Chapter 16
SIXTEEN
“Clear!”
Ash didn’t slow as he moved past the first room. The house smelled like stale coffee and overheated electronics. That wasn’t new. Neither was the pregnant silence ringing in their ears.
It was what raids sounded like just before hell broke loose.
By the time Chase shouted from two rooms over, Ash was already moving.
Chase had two men on the floor, face down, hands stretched above their heads. Ash yanked the zip ties from his pocket and moved in to secure them.
Cipher’s people folded fast—two in this room and a third located in an upstairs bedroom. They were the kind of men who knew enough to be useful to the terrorist but were smart enough not to die for him.
Within minutes, Con handed them off to the FBI agents waiting outside, along with two hard drives and a server unit that made the agents’ eyes light up.
It should have felt like a win. But the only thing Ash felt was the anxiety balled in his gut.
He stood in the yard, the cold night air cutting through his gear, and tried to figure out why the back of his neck hadn’t stopped prickling since they’d left base.
He balled his fists at his sides in an attempt to ground himself in the moment—and stop the flood of memories lobbing into his brain like a missile strike.
Melina.
He remembered loving her. Remembered the heaviness of it. The certainty.
But the feeling itself was distant now—like something he could observe through a wall of glass.
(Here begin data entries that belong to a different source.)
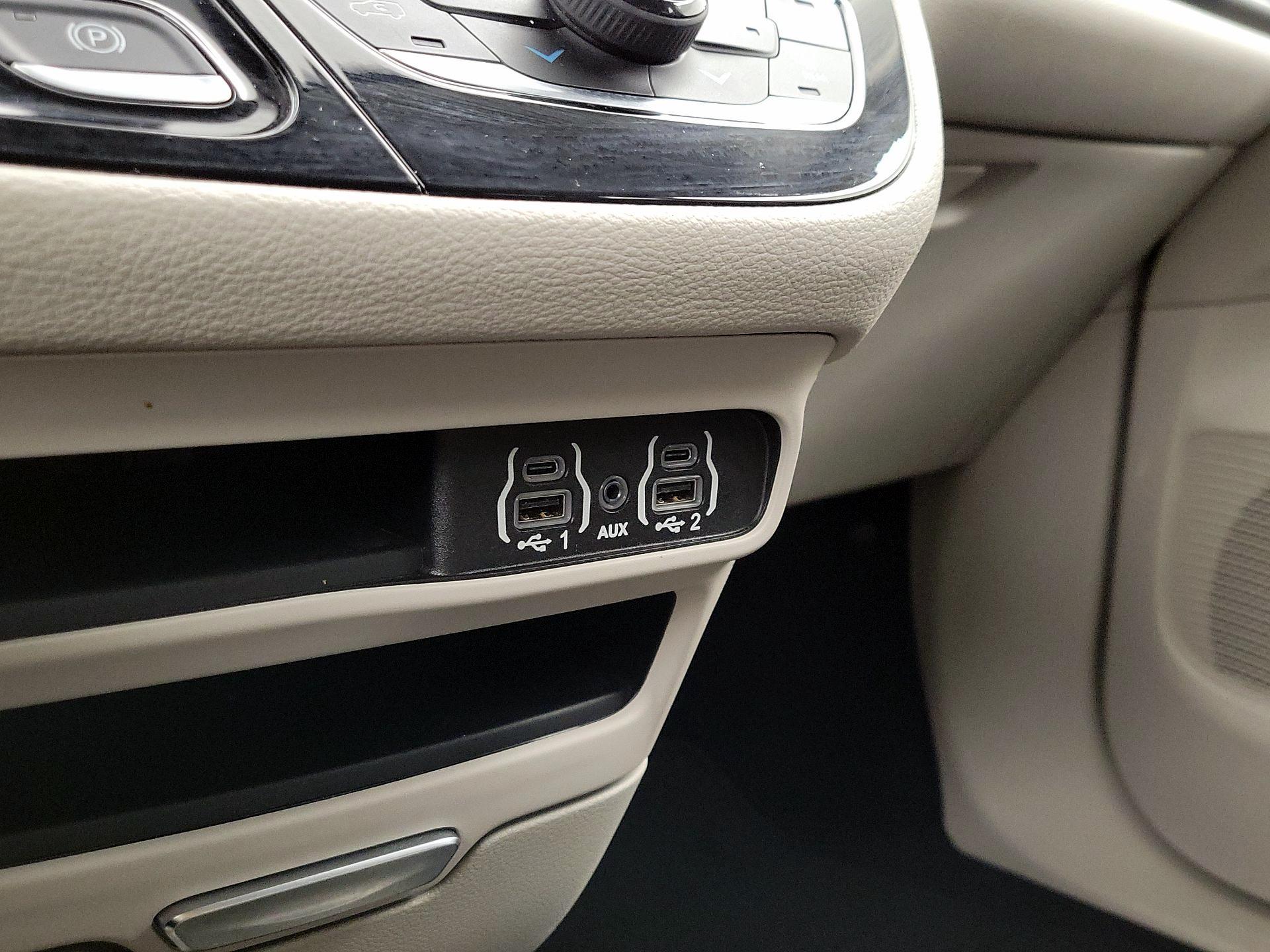 Thumbnail: 2023 Chrysler Pacifica - 18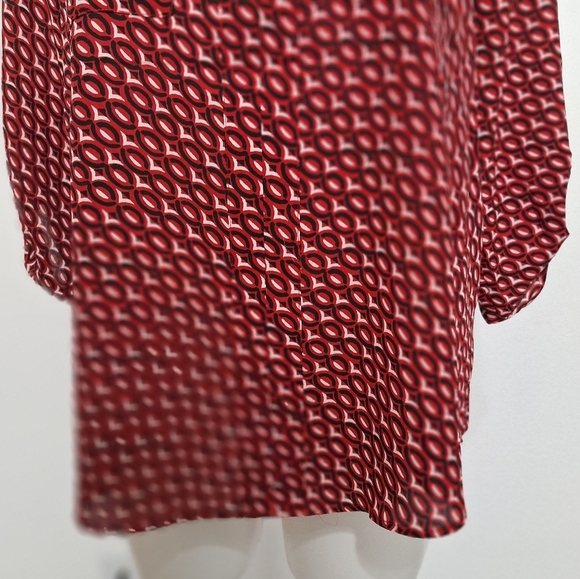 Red & White NEW Geometric Print Careerwear V-Neck Roll Tab Sleeve Blouse - Picture 6 of 15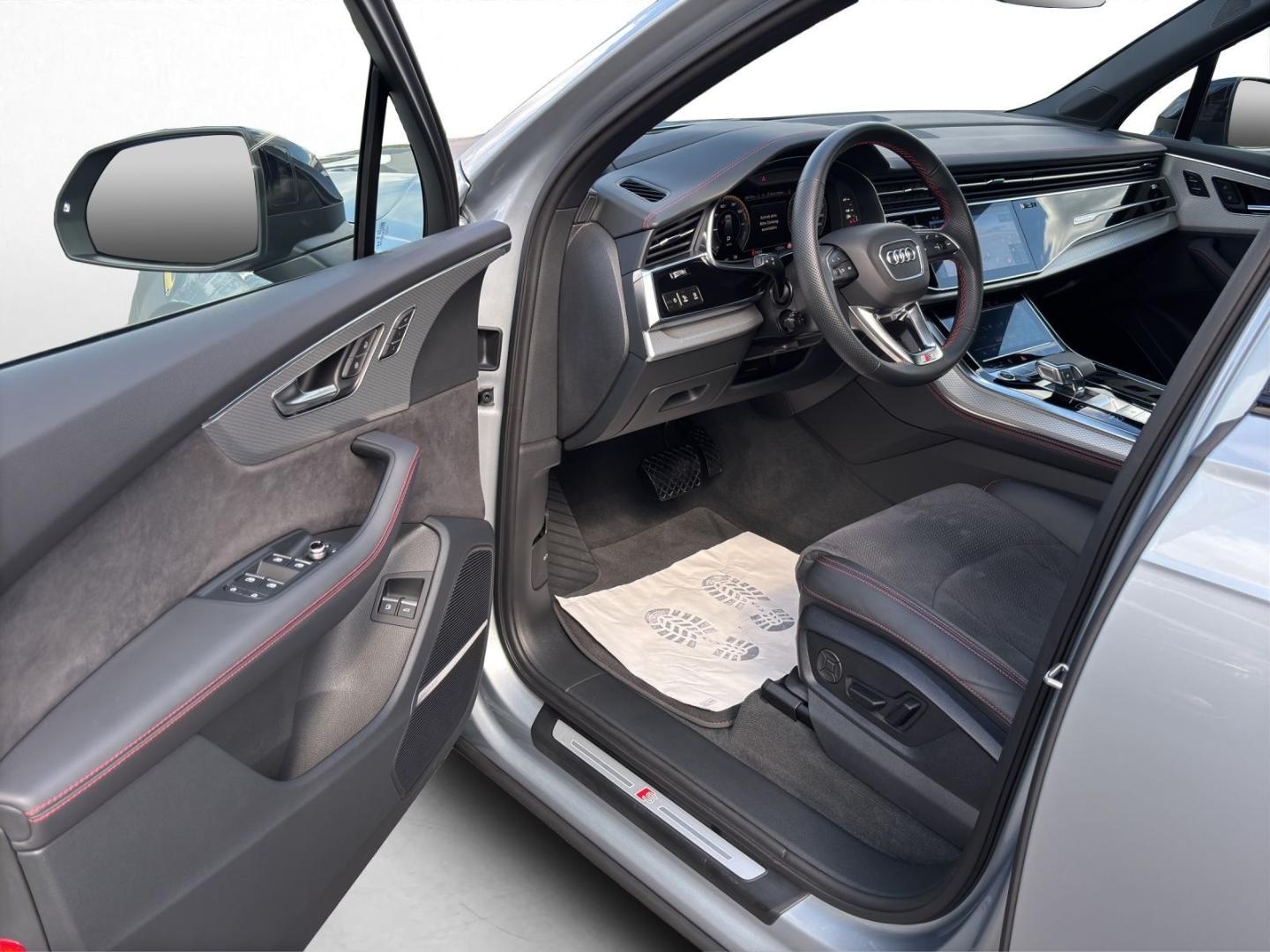 Bild über Audi Q7 SUV TFSI e S line 60 TFSI e quattro tiptronic - für weitere Informationen kontaktieren Sie den Audi Partner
He hoped that distance held. Because the last time his instincts had gone this tight, this quiet…
An op had unraveled. And she hadn’t come home.
This op wasn’t the same at all. Blackout Charlie had come here to do a job, and everything had gone exactly as planned. There was nothing wrong.
Then why the fuck did his veins itch this way?
Across the yard, Con and Chickie stood on the outer edge of a group of FBI agents milling around the property, taking photos and collecting evidence. Con pulled out his phone and his whole body stiffened.
The kind that moved through a man’s body when he heard something—or saw something—he didn’t like.
Con lifted his head and fixed his stare on Ash.
His gut plummeted straight through the ground.
In a few quick strides, he crossed the yard. “What.” His flat tone held a command.
Con turned the phone so he could see the screen. Six messages from Elin, the timestamps running close together like she’d sent one every few minutes.
Before he even skimmed the words, he already knew what they were about.
Ellory’s gone.
She left base.
Vehicle’s missing.
She won’t answer her phone.
I don’t know where she went.
I’m sorry.
Halfway through, the words stopped making sense and the buzz in his ears turned into a swell that swallowed him. He read the messages again.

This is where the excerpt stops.